*What to work on:*
What you return should be the line containing "Filtro de aire" and each line after it to the end of the records, copied exactly.

=== Data excerpts ===

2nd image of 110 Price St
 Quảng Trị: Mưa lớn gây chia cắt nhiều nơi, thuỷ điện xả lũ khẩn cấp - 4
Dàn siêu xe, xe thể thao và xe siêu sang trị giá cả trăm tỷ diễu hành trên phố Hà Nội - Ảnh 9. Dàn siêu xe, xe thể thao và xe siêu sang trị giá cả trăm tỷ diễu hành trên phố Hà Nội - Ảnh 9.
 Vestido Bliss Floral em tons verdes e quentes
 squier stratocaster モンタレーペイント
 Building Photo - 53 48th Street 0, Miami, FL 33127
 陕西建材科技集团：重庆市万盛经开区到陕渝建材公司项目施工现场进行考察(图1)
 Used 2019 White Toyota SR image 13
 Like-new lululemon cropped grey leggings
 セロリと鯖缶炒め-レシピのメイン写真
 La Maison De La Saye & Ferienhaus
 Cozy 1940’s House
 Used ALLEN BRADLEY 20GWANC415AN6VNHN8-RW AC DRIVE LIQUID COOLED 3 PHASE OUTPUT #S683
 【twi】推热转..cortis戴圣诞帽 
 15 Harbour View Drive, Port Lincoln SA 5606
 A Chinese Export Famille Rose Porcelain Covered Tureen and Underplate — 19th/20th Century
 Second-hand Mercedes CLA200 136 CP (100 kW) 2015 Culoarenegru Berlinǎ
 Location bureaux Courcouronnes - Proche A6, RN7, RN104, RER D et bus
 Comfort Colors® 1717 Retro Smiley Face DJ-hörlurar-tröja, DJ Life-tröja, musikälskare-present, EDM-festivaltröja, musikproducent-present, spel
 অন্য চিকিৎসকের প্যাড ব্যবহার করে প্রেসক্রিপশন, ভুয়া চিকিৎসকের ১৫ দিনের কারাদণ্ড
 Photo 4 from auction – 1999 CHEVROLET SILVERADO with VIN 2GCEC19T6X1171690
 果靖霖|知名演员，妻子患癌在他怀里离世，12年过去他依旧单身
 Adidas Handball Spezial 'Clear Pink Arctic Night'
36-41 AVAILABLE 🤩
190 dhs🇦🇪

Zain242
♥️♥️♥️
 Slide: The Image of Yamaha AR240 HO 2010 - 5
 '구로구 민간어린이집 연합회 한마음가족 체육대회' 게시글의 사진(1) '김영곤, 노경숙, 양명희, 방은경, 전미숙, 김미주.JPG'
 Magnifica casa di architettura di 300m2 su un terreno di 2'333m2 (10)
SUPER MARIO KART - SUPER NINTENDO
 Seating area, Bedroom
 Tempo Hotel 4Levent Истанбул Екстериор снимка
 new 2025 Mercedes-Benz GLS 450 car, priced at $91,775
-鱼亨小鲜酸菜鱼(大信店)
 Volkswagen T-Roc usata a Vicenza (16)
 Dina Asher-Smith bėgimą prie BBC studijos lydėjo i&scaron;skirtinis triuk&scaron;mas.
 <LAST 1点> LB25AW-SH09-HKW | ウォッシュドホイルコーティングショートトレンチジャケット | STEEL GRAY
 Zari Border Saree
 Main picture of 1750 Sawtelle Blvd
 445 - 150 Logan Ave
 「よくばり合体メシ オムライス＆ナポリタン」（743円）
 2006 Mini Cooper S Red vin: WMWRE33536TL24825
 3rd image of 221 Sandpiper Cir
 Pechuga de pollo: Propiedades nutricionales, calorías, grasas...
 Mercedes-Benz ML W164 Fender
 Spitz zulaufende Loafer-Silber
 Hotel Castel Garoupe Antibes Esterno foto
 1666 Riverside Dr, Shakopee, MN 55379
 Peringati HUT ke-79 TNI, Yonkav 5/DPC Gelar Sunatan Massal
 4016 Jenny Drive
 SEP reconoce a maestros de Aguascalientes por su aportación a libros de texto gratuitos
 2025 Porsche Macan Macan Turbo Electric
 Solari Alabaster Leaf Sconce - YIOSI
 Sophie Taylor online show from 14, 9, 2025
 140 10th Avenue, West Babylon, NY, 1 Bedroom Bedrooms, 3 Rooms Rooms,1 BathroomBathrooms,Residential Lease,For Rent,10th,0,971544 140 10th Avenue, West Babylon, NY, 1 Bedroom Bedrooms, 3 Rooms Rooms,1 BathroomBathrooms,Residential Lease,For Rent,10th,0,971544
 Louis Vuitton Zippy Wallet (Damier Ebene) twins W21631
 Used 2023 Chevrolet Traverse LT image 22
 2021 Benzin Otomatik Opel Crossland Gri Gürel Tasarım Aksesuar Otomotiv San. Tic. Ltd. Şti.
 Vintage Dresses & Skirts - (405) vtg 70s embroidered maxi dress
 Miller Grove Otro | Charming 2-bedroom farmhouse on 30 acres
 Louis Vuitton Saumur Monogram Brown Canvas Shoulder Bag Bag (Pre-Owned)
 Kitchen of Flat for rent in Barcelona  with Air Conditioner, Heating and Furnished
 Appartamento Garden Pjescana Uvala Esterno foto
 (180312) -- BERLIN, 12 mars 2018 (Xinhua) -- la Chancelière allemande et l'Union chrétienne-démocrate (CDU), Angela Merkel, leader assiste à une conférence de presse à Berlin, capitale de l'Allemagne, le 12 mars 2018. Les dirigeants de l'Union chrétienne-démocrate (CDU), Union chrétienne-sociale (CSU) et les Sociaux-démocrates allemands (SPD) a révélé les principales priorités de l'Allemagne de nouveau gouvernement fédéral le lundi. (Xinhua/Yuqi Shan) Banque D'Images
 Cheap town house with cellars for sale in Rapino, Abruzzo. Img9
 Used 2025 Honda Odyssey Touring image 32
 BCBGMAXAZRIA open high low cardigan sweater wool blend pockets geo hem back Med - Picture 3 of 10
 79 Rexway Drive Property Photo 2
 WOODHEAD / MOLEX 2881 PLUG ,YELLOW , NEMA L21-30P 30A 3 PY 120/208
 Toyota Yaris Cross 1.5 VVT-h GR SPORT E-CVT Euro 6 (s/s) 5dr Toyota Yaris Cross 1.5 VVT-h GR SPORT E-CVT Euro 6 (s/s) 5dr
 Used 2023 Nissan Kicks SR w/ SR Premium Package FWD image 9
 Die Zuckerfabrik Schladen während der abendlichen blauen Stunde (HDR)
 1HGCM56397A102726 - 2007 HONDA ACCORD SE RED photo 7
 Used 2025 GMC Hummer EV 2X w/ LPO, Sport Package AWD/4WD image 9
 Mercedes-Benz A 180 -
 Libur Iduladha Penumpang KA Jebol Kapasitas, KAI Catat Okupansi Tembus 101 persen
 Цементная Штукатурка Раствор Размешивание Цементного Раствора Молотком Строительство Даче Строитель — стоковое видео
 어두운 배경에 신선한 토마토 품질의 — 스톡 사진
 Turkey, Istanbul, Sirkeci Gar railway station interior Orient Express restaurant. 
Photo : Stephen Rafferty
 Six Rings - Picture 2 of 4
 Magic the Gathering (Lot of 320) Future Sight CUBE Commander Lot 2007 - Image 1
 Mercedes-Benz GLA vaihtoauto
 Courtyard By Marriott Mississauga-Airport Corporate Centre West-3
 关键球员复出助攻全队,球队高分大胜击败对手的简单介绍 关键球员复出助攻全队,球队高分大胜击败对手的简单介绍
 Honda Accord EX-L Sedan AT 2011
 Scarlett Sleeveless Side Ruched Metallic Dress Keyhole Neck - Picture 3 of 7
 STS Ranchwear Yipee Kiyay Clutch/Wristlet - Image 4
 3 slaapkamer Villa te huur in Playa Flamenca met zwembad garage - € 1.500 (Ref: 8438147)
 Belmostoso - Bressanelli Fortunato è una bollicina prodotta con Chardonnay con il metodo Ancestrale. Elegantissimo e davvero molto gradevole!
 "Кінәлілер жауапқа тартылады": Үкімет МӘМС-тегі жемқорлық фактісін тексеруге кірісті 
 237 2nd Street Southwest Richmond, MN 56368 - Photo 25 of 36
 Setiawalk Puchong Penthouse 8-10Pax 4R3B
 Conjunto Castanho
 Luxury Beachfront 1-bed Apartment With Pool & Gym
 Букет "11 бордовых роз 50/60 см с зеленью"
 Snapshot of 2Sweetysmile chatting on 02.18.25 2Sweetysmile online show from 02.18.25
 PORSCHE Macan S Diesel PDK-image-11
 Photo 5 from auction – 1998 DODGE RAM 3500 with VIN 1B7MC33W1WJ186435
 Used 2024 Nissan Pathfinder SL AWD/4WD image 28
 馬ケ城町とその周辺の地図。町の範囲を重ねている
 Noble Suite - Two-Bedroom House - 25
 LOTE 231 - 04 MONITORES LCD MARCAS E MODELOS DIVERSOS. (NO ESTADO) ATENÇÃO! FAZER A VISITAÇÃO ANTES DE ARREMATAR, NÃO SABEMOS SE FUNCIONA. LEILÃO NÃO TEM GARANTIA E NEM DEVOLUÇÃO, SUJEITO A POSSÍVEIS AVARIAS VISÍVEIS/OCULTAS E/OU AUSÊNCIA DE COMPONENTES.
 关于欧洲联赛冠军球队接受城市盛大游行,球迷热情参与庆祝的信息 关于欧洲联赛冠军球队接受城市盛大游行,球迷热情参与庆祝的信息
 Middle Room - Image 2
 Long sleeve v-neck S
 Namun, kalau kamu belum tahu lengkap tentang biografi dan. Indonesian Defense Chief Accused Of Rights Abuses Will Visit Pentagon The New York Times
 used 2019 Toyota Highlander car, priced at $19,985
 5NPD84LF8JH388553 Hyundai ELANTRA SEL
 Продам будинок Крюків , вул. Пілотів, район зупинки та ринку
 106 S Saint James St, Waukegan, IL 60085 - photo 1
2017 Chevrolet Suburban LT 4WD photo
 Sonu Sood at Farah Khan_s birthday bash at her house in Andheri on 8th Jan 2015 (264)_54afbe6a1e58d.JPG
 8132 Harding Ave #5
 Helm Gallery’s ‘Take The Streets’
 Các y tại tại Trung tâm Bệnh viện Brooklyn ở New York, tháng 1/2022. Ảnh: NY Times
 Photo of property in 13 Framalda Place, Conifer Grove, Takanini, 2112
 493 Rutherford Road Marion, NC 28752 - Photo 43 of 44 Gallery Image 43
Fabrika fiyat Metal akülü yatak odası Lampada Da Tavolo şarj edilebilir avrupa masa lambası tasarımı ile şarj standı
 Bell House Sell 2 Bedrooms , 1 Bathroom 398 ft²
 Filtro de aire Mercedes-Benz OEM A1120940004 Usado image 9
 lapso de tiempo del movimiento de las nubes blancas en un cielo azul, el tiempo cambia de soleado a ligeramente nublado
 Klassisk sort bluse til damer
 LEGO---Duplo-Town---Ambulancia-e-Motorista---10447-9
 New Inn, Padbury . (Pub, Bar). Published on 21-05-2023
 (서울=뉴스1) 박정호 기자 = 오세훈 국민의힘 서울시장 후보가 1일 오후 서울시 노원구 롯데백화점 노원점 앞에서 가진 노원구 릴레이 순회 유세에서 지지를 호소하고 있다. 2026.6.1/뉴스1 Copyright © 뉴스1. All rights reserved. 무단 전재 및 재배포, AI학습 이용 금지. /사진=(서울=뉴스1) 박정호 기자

===

*Output of the exercise:*
 Filtro de aire Mercedes-Benz OEM A1120940004 Usado image 9
 lapso de tiempo del movimiento de las nubes blancas en un cielo azul, el tiempo cambia de soleado a ligeramente nublado
 Klassisk sort bluse til damer
 LEGO---Duplo-Town---Ambulancia-e-Motorista---10447-9
 New Inn, Padbury . (Pub, Bar). Published on 21-05-2023
 (서울=뉴스1) 박정호 기자 = 오세훈 국민의힘 서울시장 후보가 1일 오후 서울시 노원구 롯데백화점 노원점 앞에서 가진 노원구 릴레이 순회 유세에서 지지를 호소하고 있다. 2026.6.1/뉴스1 Copyright © 뉴스1. All rights reserved. 무단 전재 및 재배포, AI학습 이용 금지. /사진=(서울=뉴스1) 박정호 기자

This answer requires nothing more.